Pandemi memberi saya waktu untuk berdiam di tempat, di Yogyakarta, dan memaknai lagi hal-hal yang tak sempat saya hayati pada waktu-waktu lampau. Dulu, kehidupan saya berpusat pada kuratorial sebagai sebuah kerja, berpikir tentang bagaimana pameran dibuat dan dimaknai, atau membangun proyek-proyek seni bersama seniman. Sedikit sekali waktu saya habiskan untuk diri saya sendiri, apalagi mencari makna hidup yang berkaitan dengan alam semesta. Dulu, kerja kuratorial merupakan kerja-kerja yang menghubungkan rasional dengan estetika, yang logis dengan hal-hal yang berbau perasaan, antara produksi pengetahuan dan imajinasi serta fantasi. Saya sangat menikmati kerja-kerja itu, dan karena itu, saya mendedikasikan hampir seluruh hidup saya di sana. 

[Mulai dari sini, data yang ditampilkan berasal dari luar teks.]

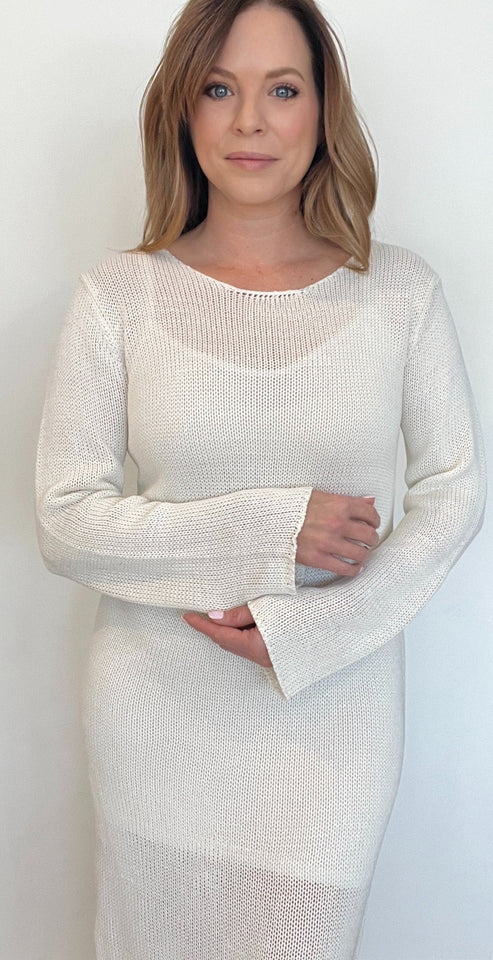 Tuscan Knit Maxi Dress-Cream - Wear with style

Nah, mengalami kehidupan yang sama sekali berbeda selama masa pandemi, meskipun kerja program dan administratif masih berlangsung, pandangan saya tentang kerja kuratorial berubah. Saya sempat berpikir, apakah di masa depan kurator dengan fungsi dan pola yang saya jalani seperti kehidupan kemarin masih tetap dibutuhkan? Kalaupun kurator harus mengubah fungsi dan pola kerjanya, saya ingin menjalani kerja kuratorial sebagaimana yang saya alami pada masa pandemi ini: bekerja dengan kehidupan yang lebih dekat, melihat praktik-praktik kehidupan sekitar sebagai penciptaan seni, mempertemukan seniman kontemporer dengan mereka yang bertani, lalu membuat eksperimen-eksperimen yang memungkinkan satu objek baru tercipta dengan konteks lokal yang menyertai pembentukannya. Bukan sekadar seni yang lahir dari frasa “menunggu inspirasi datang” sebagaimana yang biasanya kita bayangkan tentang kehidupan seorang seniman. 

Pandemi membawa saya pada titik yang baru menjadi kurator; bahwa seni tidak bisa hanya berkembang di galeri dan museum seni (meskipun infrastruktur semacam ini juga penting sekali), tapi juga bertautan dengan mereka yang tak punya akses ke sana. Seni adalah perkara mengimajinasikan kenyataan atau menyatakan imajinasi, tapi selalu membutuhkan konteks-konteks yang menaunginya. Pada titik ini, saya kembali disadarkan tentang makna menjadi kurator itu: membangun konteks yang mengiringi praktik-praktik seni, untuk bisa selalu bertaut dengan ruang dan waktu, lalu ia menjadi sebuah laku.